Quantificando l'intensità della fluorescenza del terminale visto etichettare durante il video, non è stata riscontrata alcuna differenza significativa nell'assorbimento del colorante. Ciò indica che l'endocitosi è supportata ugualmente bene dal bario e dal calcio. Ulteriori ripetizioni della procedura su altre preparazioni auricolari verificheranno questa conclusione.

Una volta padroneggiato, l'intero protocollo e l'imaging possono essere completati in due ore e mezza.
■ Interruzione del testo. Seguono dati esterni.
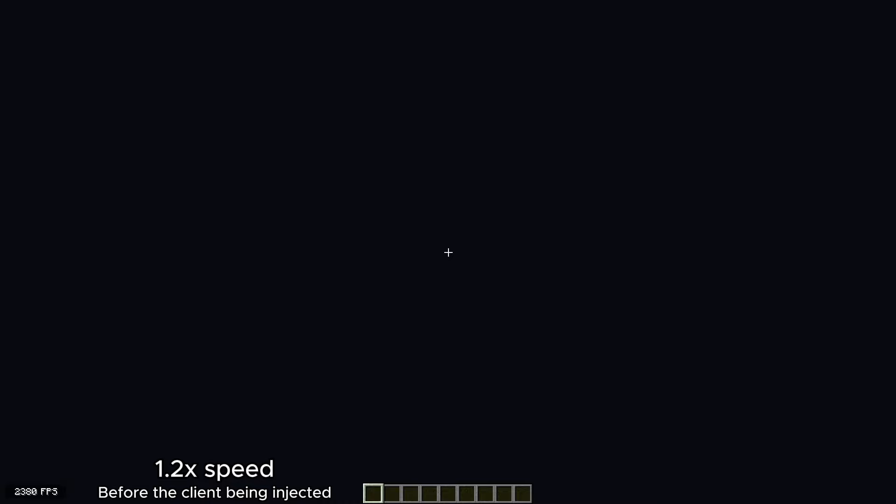Here's a comparison about before and after you inject the client. As you can see, the FPS does not affect that much. That means you can run it smoothly even if you're on a low-end PC.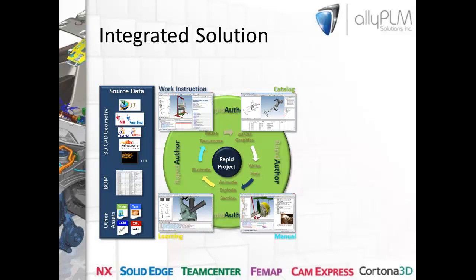You might compare Rapid Author to Microsoft Office in that Microsoft Office consists of different modules such as Word, Excel, PowerPoint. The three main modules of Rapid Author are Rapid Catalog, which allows you to quickly create interactive parts catalogs, Rapid Manual, which is used to create work instructions and manuals, and Rapid Learning module, which lets you create interactive computer-based training scenarios. A work instruction would be used to communicate a strict path of steps to the assembly team, whereas a manual might be used out in the field to convey service, operational, or maintenance procedures.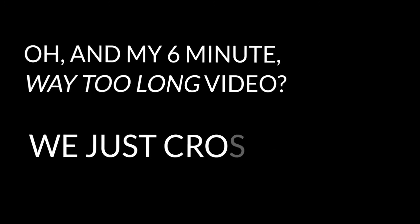Oh, and my six minute way too long video? We just crossed five hundred thousand views on it. Believe.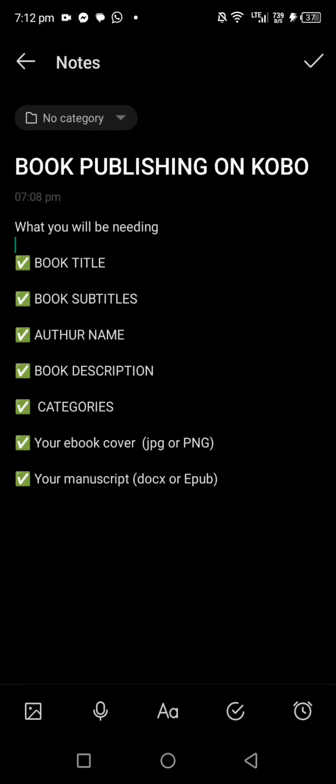Hello guys, so after getting all of your comments on my video about publishing your book on Kobo, I have decided to make this video for you. Here is what you'll be needing to publish your book successfully on Kobo. The first two important things are your book cover and your manuscript.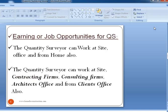What about earning or job opportunities for a Quantity Surveyor? The Quantity Surveyor can work at site, office, and interestingly from home sometimes. They can also work in contracting firms, consulting firms, an architect's office, and from the client's office as well.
Quando si tenta questa procedura, è importante ricordare di utilizzare topi piccoli, di sezionare rapidamente e di adattarsi al massimo al buio per ridurre al minimo l'intensità della luce richiesta. Abbiamo adattato l'idea di questo metodo da quella originariamente sviluppata da un collega stretto e professore ora in pensione, Clarke Slater, e dal suo studente di Master Michael Caine.

Quando abbiamo detto loro del possibile ruolo delle vescicole sinaptiche nella meccanosensazione nel fuso muscolare, ma della necessità di un modo migliore di visualizzare rispetto a FM1-43. Questa procedura può essere utilizzata anche in combinazione con altri metodi, come la farmacologia e l'elettrofisiologia. Quindi possiamo studiare come viene regolato il riciclaggio delle vescicole sinaptiche e come questo si collega alla reattività delle terminazioni meccanosensoriali.